Aim of the task -
Starting with the line that has "Still from Psycho" in the records below and stopping after the line that has "30-inch Tall Nature", output every line exactly and nothing else; skip pictures.

Dataset extract -
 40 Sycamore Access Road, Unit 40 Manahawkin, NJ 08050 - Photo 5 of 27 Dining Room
---
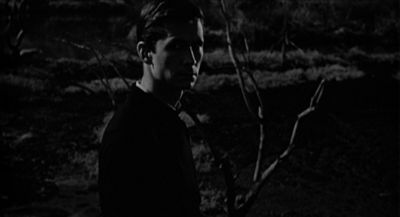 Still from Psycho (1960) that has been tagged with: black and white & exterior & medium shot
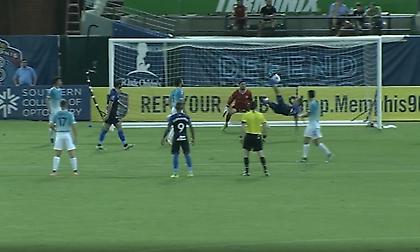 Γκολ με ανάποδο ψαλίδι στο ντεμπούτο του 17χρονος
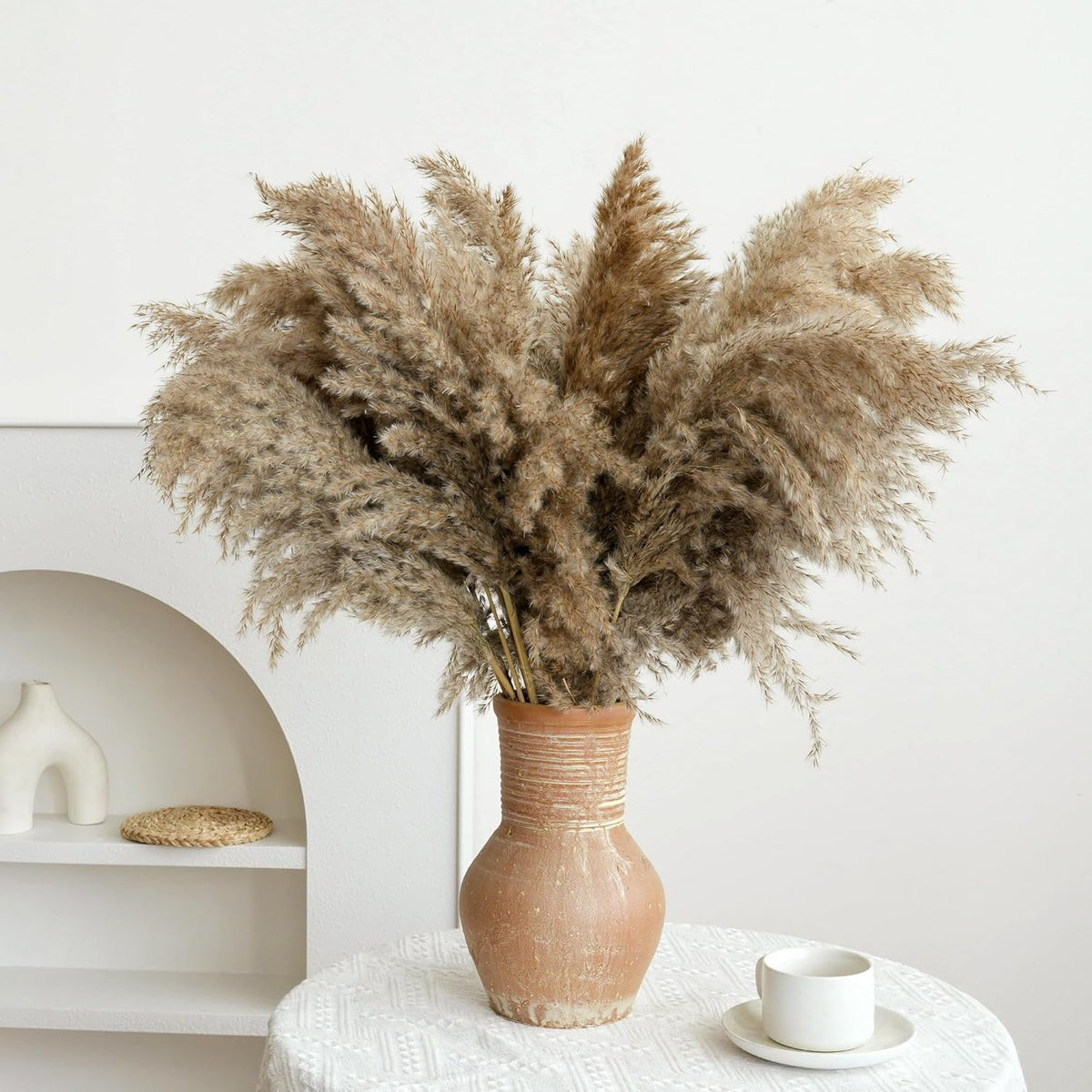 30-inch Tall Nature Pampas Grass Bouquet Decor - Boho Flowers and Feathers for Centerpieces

Answer section -
 Still from Psycho (1960) that has been tagged with: black and white & exterior & medium shot
 Γκολ με ανάποδο ψαλίδι στο ντεμπούτο του 17χρονος
 30-inch Tall Nature Pampas Grass Bouquet Decor - Boho Flowers and Feathers for Centerpieces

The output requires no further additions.